= Exercise instructions =
Starting at the top line, print the entries below exactly as they are and skip every picture.

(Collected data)
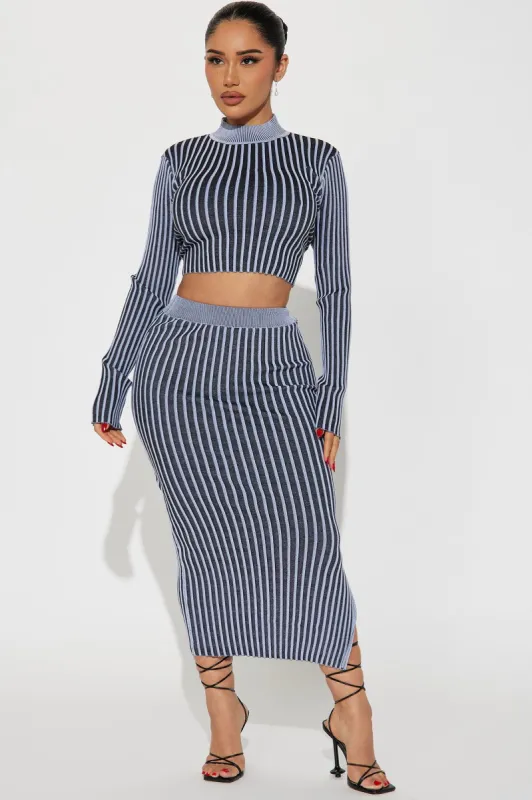 Dream About Me Skirt Sweater Set - Black/Grey sold by Fashion Nova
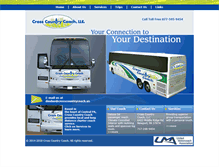 Tablet Screenshot of crosscountrycoach.us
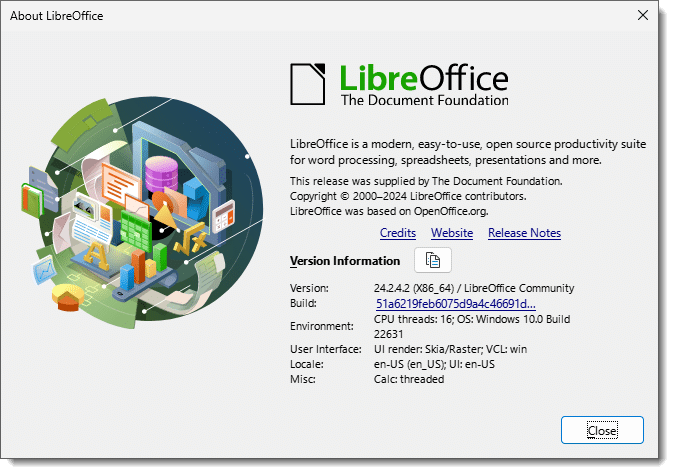 About Libre Office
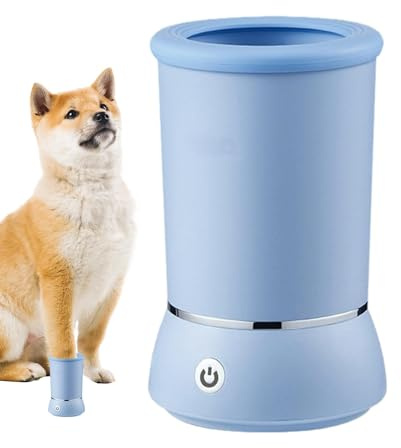Pulitore elettrico per zampe di cane, 17,2 x 10,5 cm, automatico, confortevole, per labrador, eschimesi, cani da slitta 'Alaska, rimuove polvere, sporco e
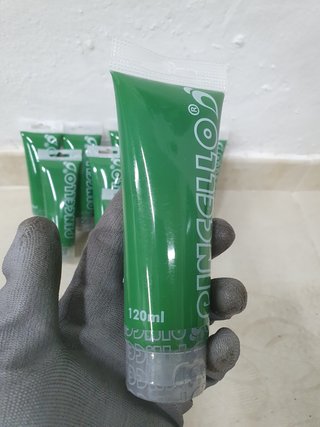 Lote 12 Tubos Pintura Verde PINCELLO 120ml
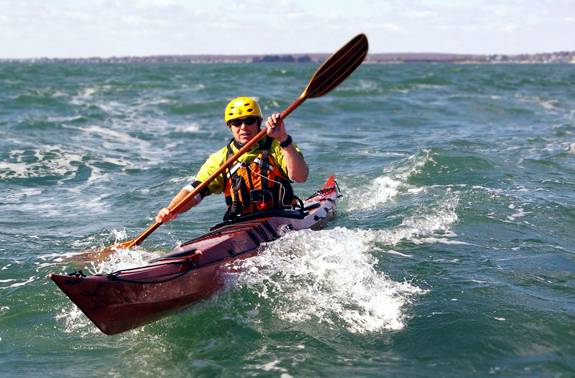Rough water sea kayak - stitch-and-glue Petrel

= Result =
 Dream About Me Skirt Sweater Set - Black/Grey sold by Fashion Nova
 Tablet Screenshot of crosscountrycoach.us
 About Libre Office
Pulitore elettrico per zampe di cane, 17,2 x 10,5 cm, automatico, confortevole, per labrador, eschimesi, cani da slitta 'Alaska, rimuove polvere, sporco e
 Lote 12 Tubos Pintura Verde PINCELLO 120ml
Rough water sea kayak - stitch-and-glue Petrel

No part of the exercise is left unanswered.